- Given data
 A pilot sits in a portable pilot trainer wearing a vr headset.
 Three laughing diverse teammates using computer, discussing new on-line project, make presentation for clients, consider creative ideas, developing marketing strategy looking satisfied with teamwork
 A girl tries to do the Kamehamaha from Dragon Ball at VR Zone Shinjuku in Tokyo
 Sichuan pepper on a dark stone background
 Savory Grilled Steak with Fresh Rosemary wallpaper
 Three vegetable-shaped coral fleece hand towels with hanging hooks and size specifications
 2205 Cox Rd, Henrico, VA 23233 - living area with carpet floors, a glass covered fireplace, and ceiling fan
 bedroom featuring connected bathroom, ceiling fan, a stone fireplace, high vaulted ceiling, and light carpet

...

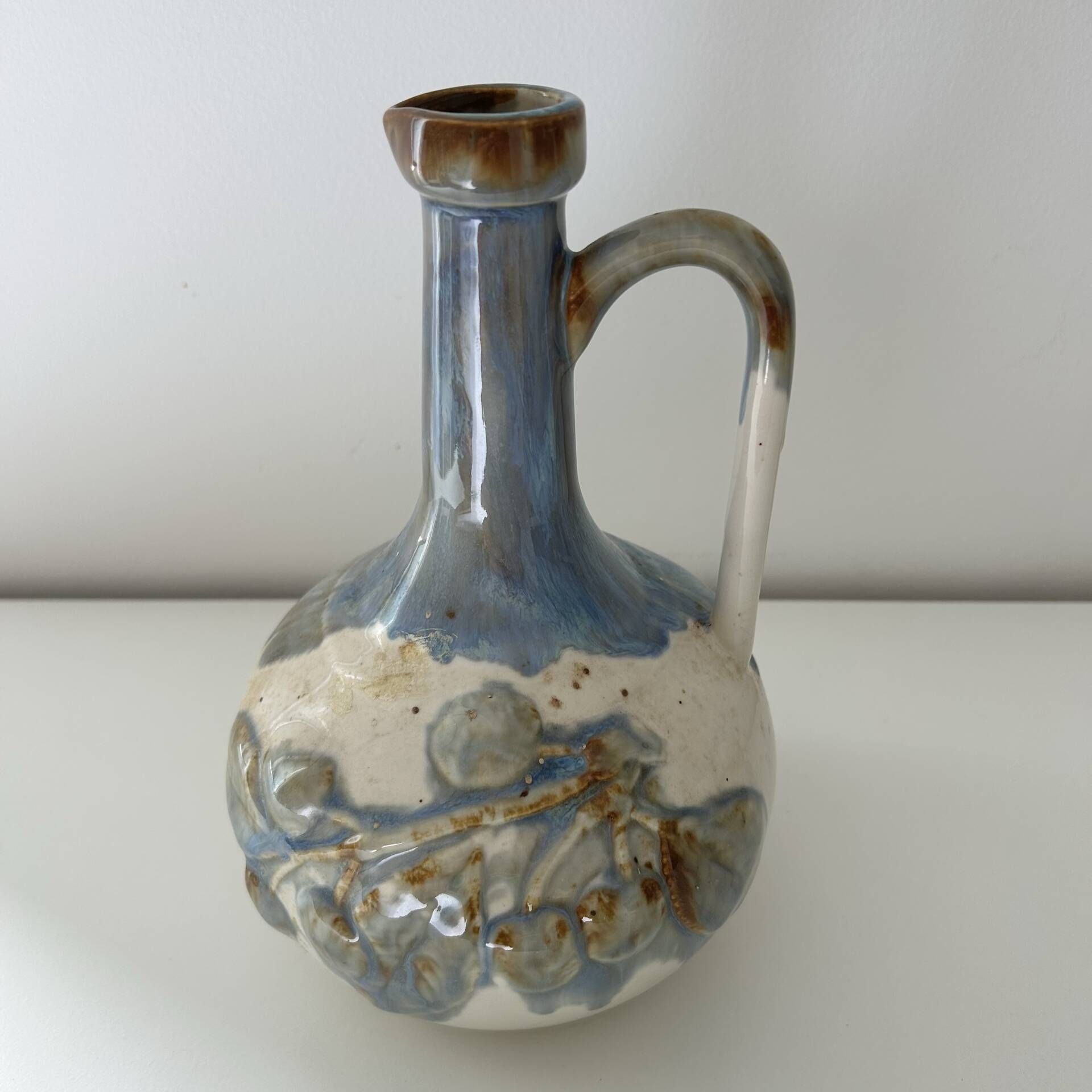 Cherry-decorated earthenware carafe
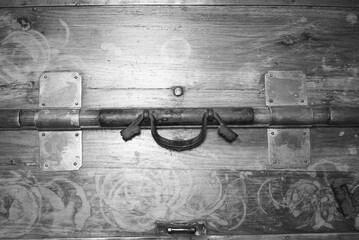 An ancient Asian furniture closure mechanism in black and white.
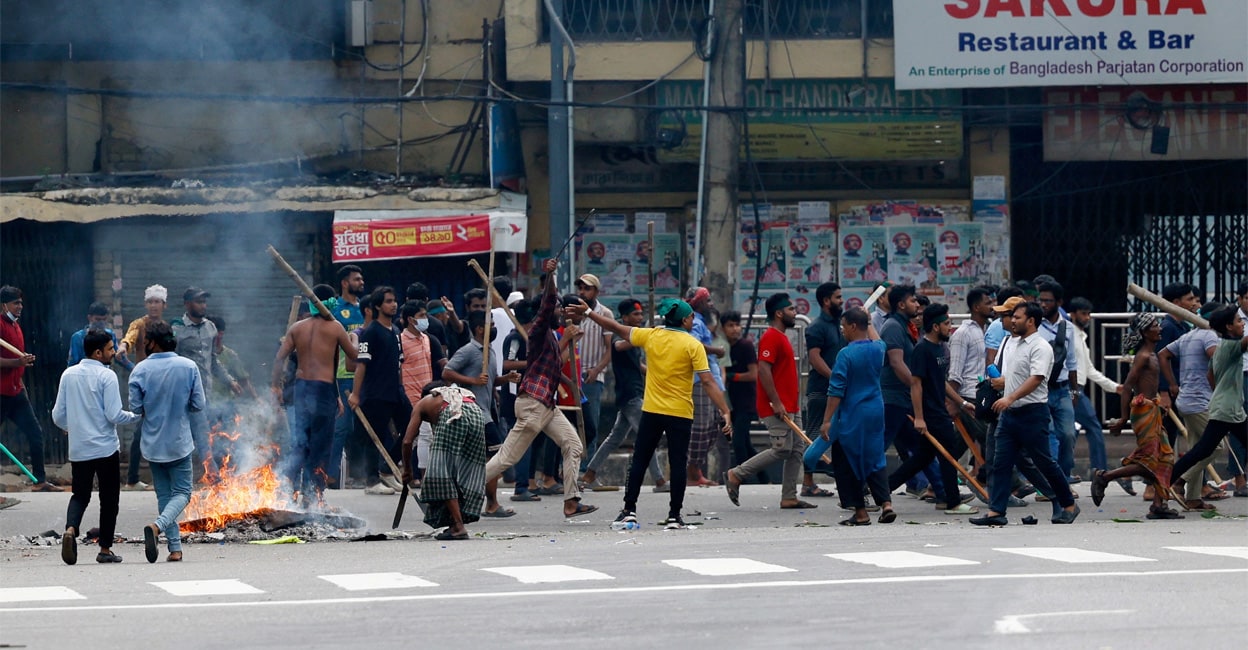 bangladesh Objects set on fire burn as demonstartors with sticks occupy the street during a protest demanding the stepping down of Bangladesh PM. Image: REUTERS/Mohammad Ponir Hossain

- What you should do
The entries above hold the needed span. Transcribe exactly the lines from the one with "Three vegetable-shaped coral" to the one with "bedroom featuring connected", both included.

- Exercise output
 Three vegetable-shaped coral fleece hand towels with hanging hooks and size specifications
 2205 Cox Rd, Henrico, VA 23233 - living area with carpet floors, a glass covered fireplace, and ceiling fan
 bedroom featuring connected bathroom, ceiling fan, a stone fireplace, high vaulted ceiling, and light carpet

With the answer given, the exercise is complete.